いつみても適当

ブログです。

鼻くそを食べてたら弾劾裁判にかけられた

多くの人が経験しているかもしれないが、私も幼いころ鼻くそをよくほじくっていた。それだけでは飽き足らず、なんと私はそれを少しかじりもしていた。

 

今思うとなぜ人差し指についた、なんとも言えない色の粘り気のある物体を口に運んでいたのか、その理由はよくわからない。でもまあやっていた。

 

結局今もたまに鼻はほじくっているものの、私は小学校高学年に入る前に車の排気ガスにまみれていたり、得体のしれない汚れにまみれていたりする鼻くそを食べるという行為は普通に考えてちょっと危ない、という当たり前のことに気づき、鼻くそを食べることは意識的にやめるようにした。

 

ただ、鼻くそを食べることをやめることになった遠因はもう一つある。それはクラスで弾劾裁判にかけられたからだ。

 

運動がうまくできなかったり、鼻くそをほ行ったりとはたから見ればおそらく奇異なことをしていた私は当時嘲笑の対象になっていた。
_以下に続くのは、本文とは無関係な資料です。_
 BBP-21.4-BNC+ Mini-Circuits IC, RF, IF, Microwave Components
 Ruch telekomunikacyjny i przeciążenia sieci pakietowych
まあ今考えれば当たり前ではあるんだけれども。

 

「おい、鼻くそほじってんじゃねぇーよ(笑)」

 

みたいなもんである。

 

当時から鈍感だった私は「まあ色々いわれているなあ」くらいに思っていた。反論したり、変に静かにしたりしていたらからかいがあったのであろうが、からかう方はそれでは気に入らなかったらしい。ある日中心人物がホームルームの時間、唐突に

 

「先生、ようさん君がはなくそ食べるのやめろって言っているのにまだ食べてるんですけど(笑)」

 と言い出したのである。

 

私が通っていたクラスではホームルームの時間弾劾裁判のような時間が設けられていた。やれだれだれが掃除をさぼっただ、なになに君をだれだれをいじめていただ、そんなことをいうのである。今考えれば生徒にこれをさせる教師はどうかしているのだが、まあ仕方がない。それで小さな世界が回っていた。

 

そして、とうとうネタがなかったのか私の態度が気に食わなかったのか、私が鼻くそイーターであったことが理由で弾劾裁判が開かれてしまったのである。ただ今冷静に考えるとこんなこと実にくだらないので、笑ってまじめな内容に切り替えれば良かったはずなのだが、私の担任だった教師は違った。

 

「ようさん君、鼻くそを食べているのは本当ですか?」

 

普通だったら吹き出しそうなセリフを教師はよどみなく私にぶつけてきた。しかも目は真剣だった。「鼻くそを食べるなんて......私の教師生命にかけて、自分の生徒にそんなことはさせない!」そんな感じの決意がにじんでいた。

 

当時私は、いたいけな子供だったので「鼻くそを食べることはそんなに悪いことなのか」と自分の罪の重さにさいなまれそうになったのだが、今考えると実にくだらない。

 

ともあれ、私は弾劾裁判で自分が鼻くそを食べていることを認めた。鼻くそを食べること=悪であることはすでに一方的に決められており、罪を自ら認める形になってしまった私は「鼻くそを食べた」という罪状でむこう1か月鼻をほじくること及び食鼻くそを禁じられてしまったというわけである。

 

結局私はそんなことを無視して体育の時間や授業中のチョットした合間に鼻くそをほじっては口に運ぶということを続けていたわけではあるのだが......。

 

実際のところ、それからしばらくして弾劾裁判等関係のないところで冷静に考えた私は「なんか鼻くそを食うの違うな」という至極まっとうな結論にたどり着き、鼻くそを食べることをやめた。

 

 鼻くそはめちゃくちゃ汚い。しかもそれを食うのはなんか不気味、ダサい、ちょっと気持ち悪い。とかいう前に普通にやめておいた方がいいと思う。

 

ただ、やはり少数の嗜好を多数の人間が数の論理でやり込めるのはどうかしているような気もする。納得させるなら色々と合理的な話し合いを設けたって良かったように思う。

 

なんて思いながら実は私は今でも無意識に鼻くそをほじくった指を口に運んでしまうことがたまにある。もしかすると弾劾裁判にかけられた経験を思い出しているのは自分の行為を肯定しようとしているだけなのかもしれない。